Bridging the gap between research and application, Markov Chain Monte Carlo: Stochastic Simulation for Bayesian Inference provides a concise, and integrated account of Markov chain Monte Carlo (MCMC) for performing Bayesian inference. This volume, which was developed from a short course taught by the author at a meeting of Brazilian statisticians and probabilists, retains the didactic character of the original course text. The self-contained text units make MCMC accessible to scientists in other disciplines as well as statisticians. It describes each component of the theory in detail and outlines related software, which is of particular benefit to applied scientists.

Handbook of Monte Carlo Methods

Handbook of Monte Carlo Methods
Author :
Publisher : John Wiley & Sons
Total Pages : 627
Release :
ISBN-10 : 9781118014950
ISBN-13 : 1118014952
Rating : 4/5 (50 Downloads)

Synopsis Handbook of Monte Carlo Methods by : Dirk P. Kroese

A comprehensive overview of Monte Carlo simulation that explores the latest topics, techniques, and real-world applications More and more of today’s numerical problems found in engineering and finance are solved through Monte Carlo methods. The heightened popularity of these methods and their continuing development makes it important for researchers to have a comprehensive understanding of the Monte Carlo approach. Handbook of Monte Carlo Methods provides the theory, algorithms, and applications that helps provide a thorough understanding of the emerging dynamics of this rapidly-growing field. The authors begin with a discussion of fundamentals such as how to generate random numbers on a computer. Subsequent chapters discuss key Monte Carlo topics and methods, including: Random variable and stochastic process generation Markov chain Monte Carlo, featuring key algorithms such as the Metropolis-Hastings method, the Gibbs sampler, and hit-and-run Discrete-event simulation Techniques for the statistical analysis of simulation data including the delta method, steady-state estimation, and kernel density estimation Variance reduction, including importance sampling, latin hypercube sampling, and conditional Monte Carlo Estimation of derivatives and sensitivity analysis Advanced topics including cross-entropy, rare events, kernel density estimation, quasi Monte Carlo, particle systems, and randomized optimization The presented theoretical concepts are illustrated with worked examples that use MATLAB®, a related Web site houses the MATLAB® code, allowing readers to work hands-on with the material and also features the author's own lecture notes on Monte Carlo methods.

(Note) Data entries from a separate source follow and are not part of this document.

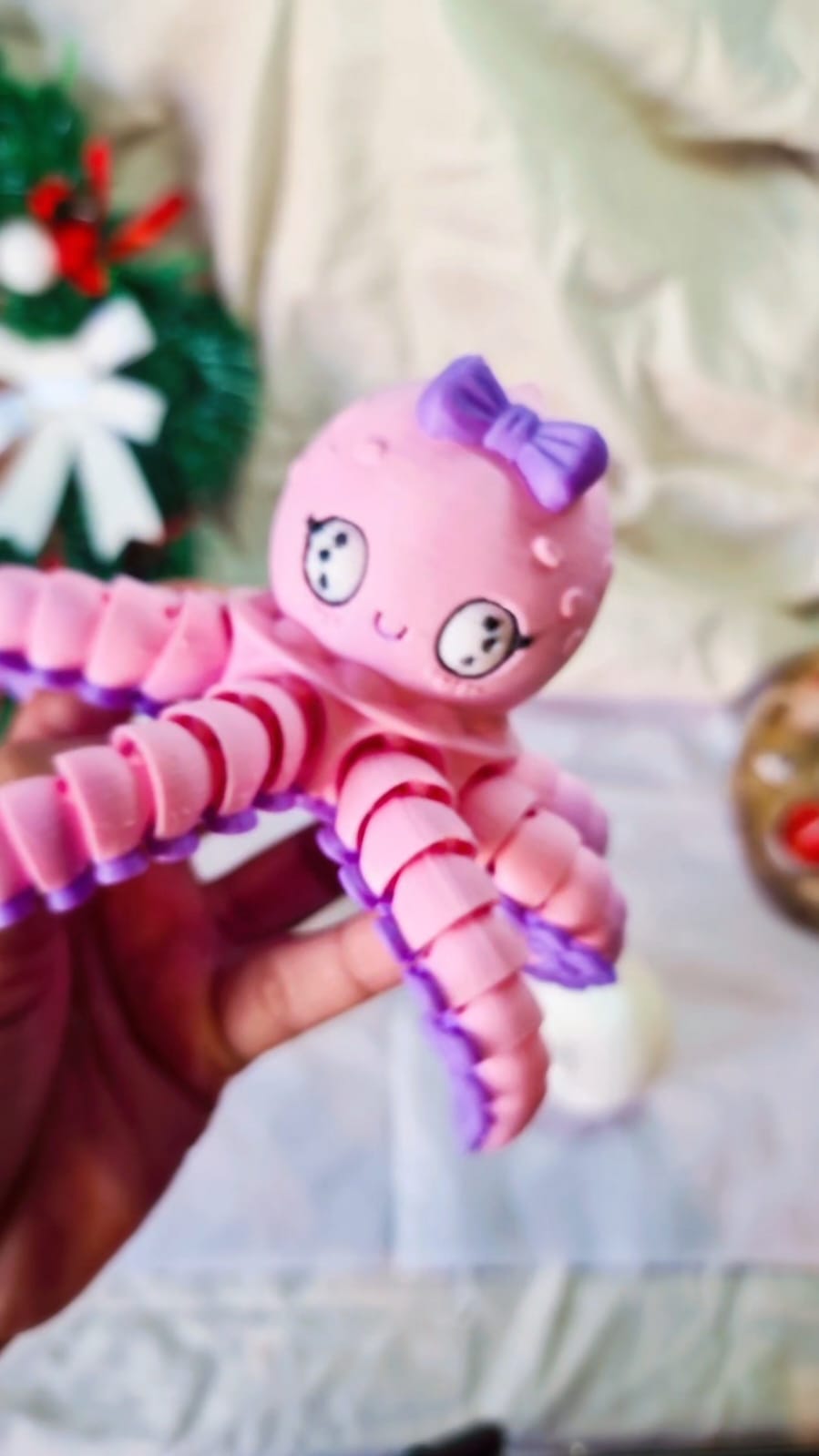 Pieuvre Articulée 3D – Modèle Garçon ou Fille – Jouet Articulé / Décoration – Atelier MARS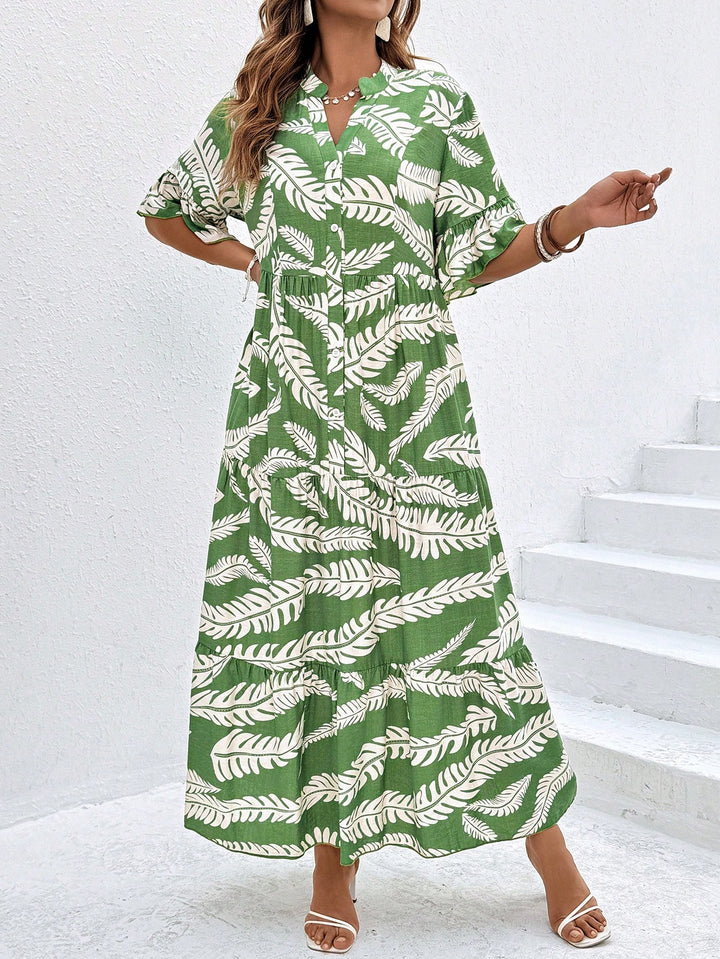 Rochie maxi SHEIN, mix culori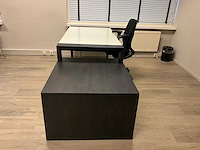 Bureau met vast ladenblok (2x) - afbeelding 2 van  6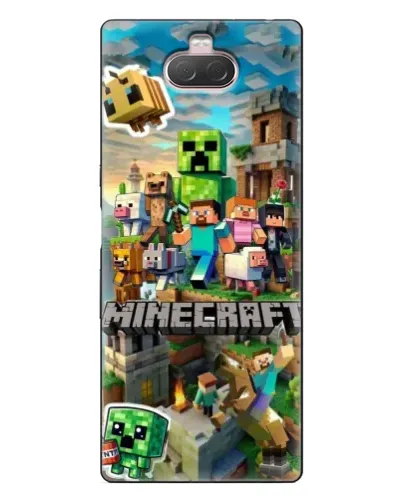 Чехол для Sony Xperia 10 с картинкой «Замок Minecraft» Чехол для Sony Xperia 10 с картинкой «Замок Minecraft»
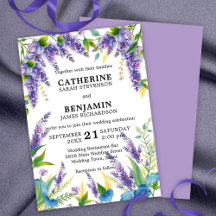 Romantische Elegant Lila und Blue Wisteria Wedding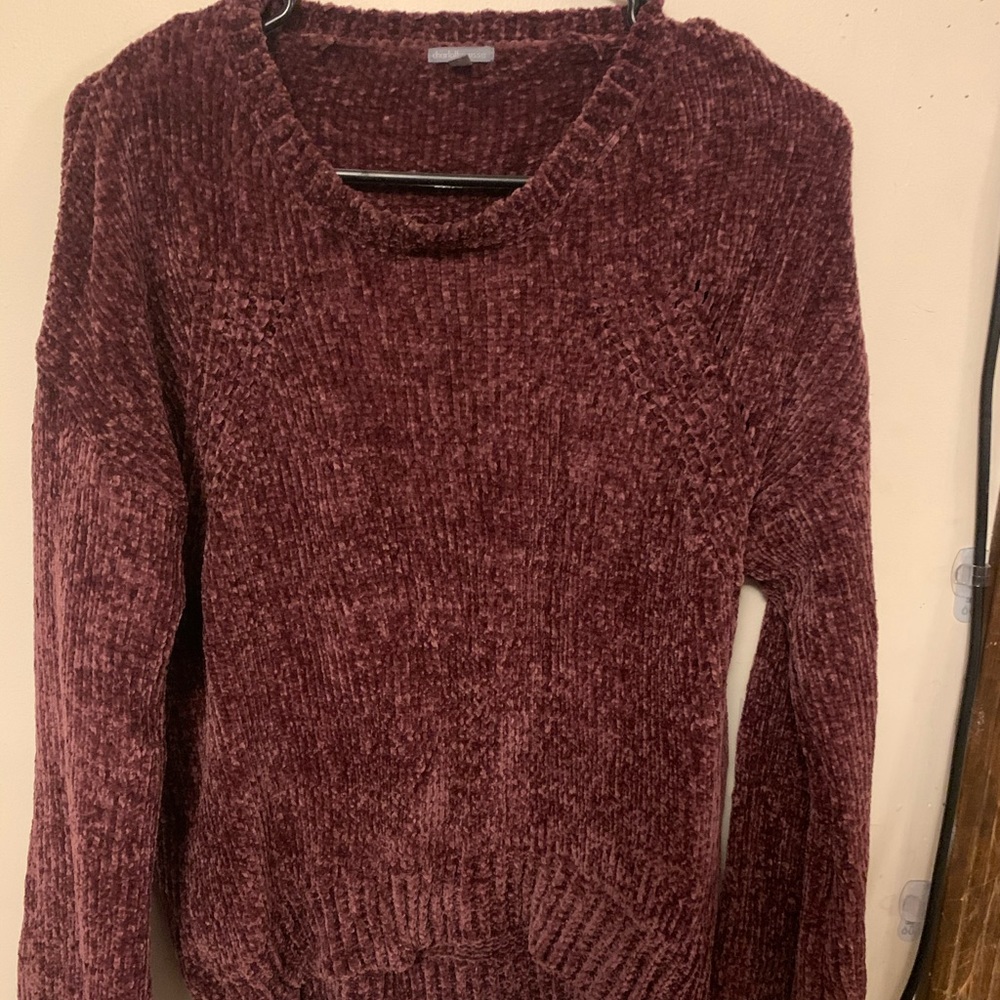 chenille sweater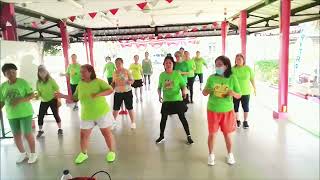 AYO MAMA Line Dance       Demo with : Nancy & Mom's 40+ Community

Detailed appendices provide background material on probability theory, stochastic processes, and mathematical statistics as well as the key optimization concepts and techniques that are relevant to Monte Carlo simulation. Handbook of Monte Carlo Methods is an excellent reference for applied statisticians and practitioners working in the fields of engineering and finance who use or would like to learn how to use Monte Carlo in their research. It is also a suitable supplement for courses on Monte Carlo methods and computational statistics at the upper-undergraduate and graduate levels.